Weighing Tasks

This material is suitable for children of any school age. It helps develop auditory perception through solving mathematical tasks, trains auditory memory, and enhances logical and mathematical thinking. To improve memory capacity in children, special exercises are needed. The volume of remembered material increases if, instead of mechanical memorization based on simple associations, the child uses logical connections.

Weighing tasks are mathematical problems in which you need to establish a fact using a balance scale without weights or dials. In these tasks, through logic and mathematical actions, you can distinguish a counterfeit coin from real coins, determine which is heavier or lighter.

Task #1

Out of 27 coins, one is counterfeit and is lighter than the others. What is the minimum number of weighings on a balance scale without weights needed to identify the counterfeit coin?

Solution:

1. Divide all the coins into 3 groups of 9 coins each and, for the first weighing, compare 2 of the groups: if they are equal, the counterfeit coin is in the remaining group; if not, the counterfeit coin is in the lighter group.
2. Divide the 9 coins from the group with the counterfeit coin into 3 groups of 3 coins each and, for the second weighing, compare 2 of the groups of 3 coins. If they are equal, the counterfeit coin is in the remaining group; if not, the counterfeit coin is in the lighter group.
3. Take 2 coins from the group with the counterfeit coin and compare them in the third weighing. If they are equal, the counterfeit coin is the remaining one; if not, the counterfeit coin is the lighter one.

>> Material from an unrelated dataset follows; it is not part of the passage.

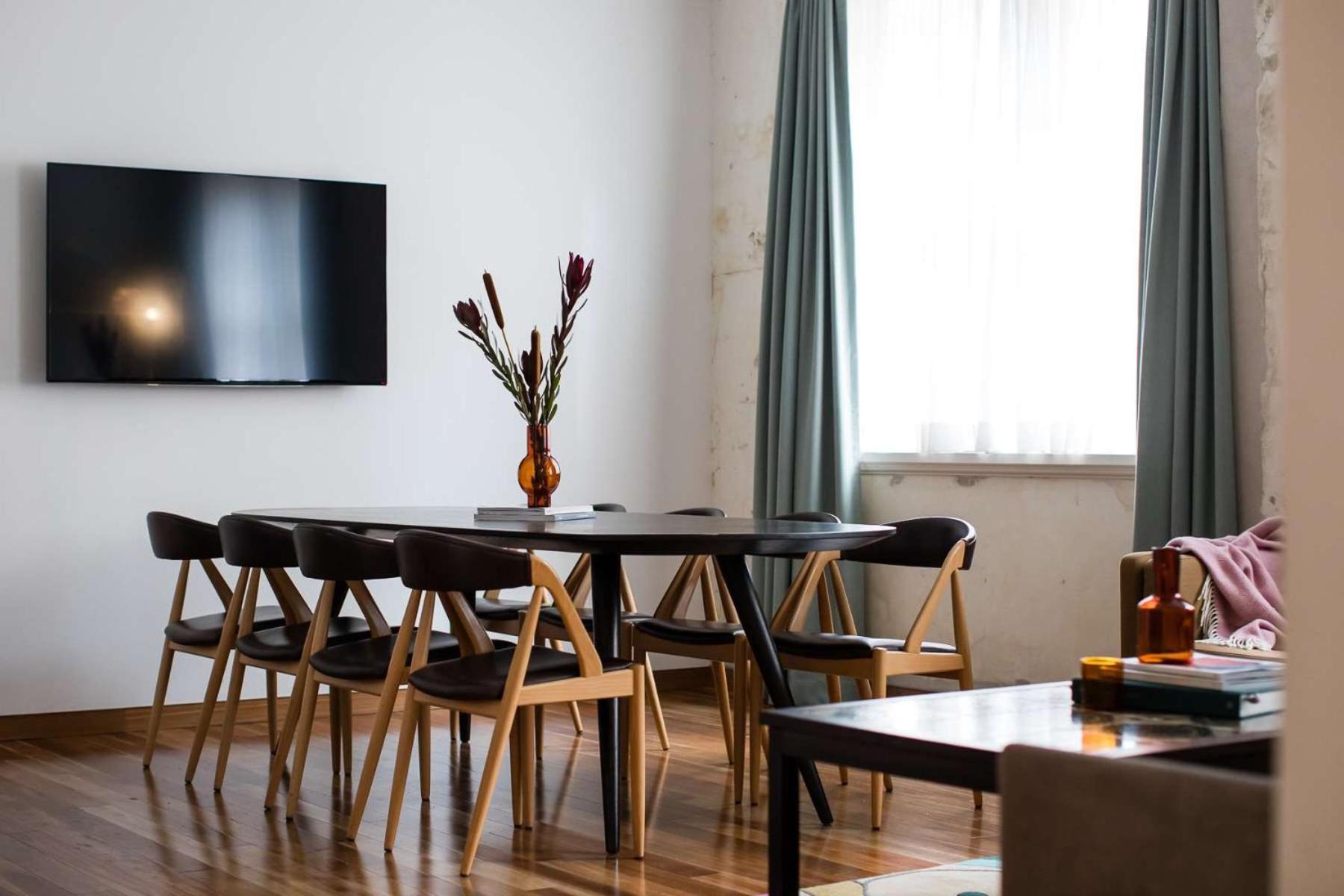 The Old Clare By Ode Hotels Сидней Экстерьер фото A living room in a shared apartment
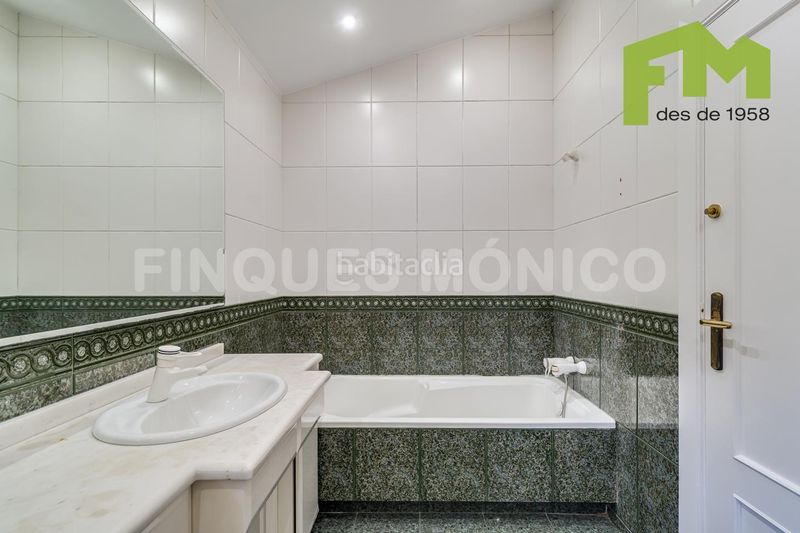 Foto abbd0c7a-7645-4711-b2eb-2f5bd8dd96c4. Casa amb calefacció aparcament piscina a Bellresguard-Can Teixidó Masnou (El)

In this type of task, the goal is to determine the minimum number of weighings. The steps are described in detail.

Task #2

There is a balance scale without weights and 4 coins that are identical in appearance. One of the coins is counterfeit, and it is unknown whether it is lighter or heavier than the real coins. How many weighings are required to determine the counterfeit coin?

Answer: 2 weighings

Task #3

A housewife has a balance scale and a 100g weight. How can she weigh out 700g of grain in three weighings?

Solution:

1. Place the 100g weight on one side of the scale and pour 100g of grain on the other side. When the sides balance, the weight will be equal.
2. Move the weight to the side with the grain. Now it holds: 100 + 100 = 200 grams. Pour 200 grams of grain on the other side.
3. Transfer all the grain to the side with the weight. Now it holds: 200 + 200 = 400 grams (including the 100g weight). Pour 400 grams of grain on the other side.

In total, the two sides will hold: 400 + 300 = 700 grams of grain.

Through solving weighing tasks, children develop visual and imaginative thinking. The cognitive development of visually impaired children follows the same patterns as that of children with normal vision.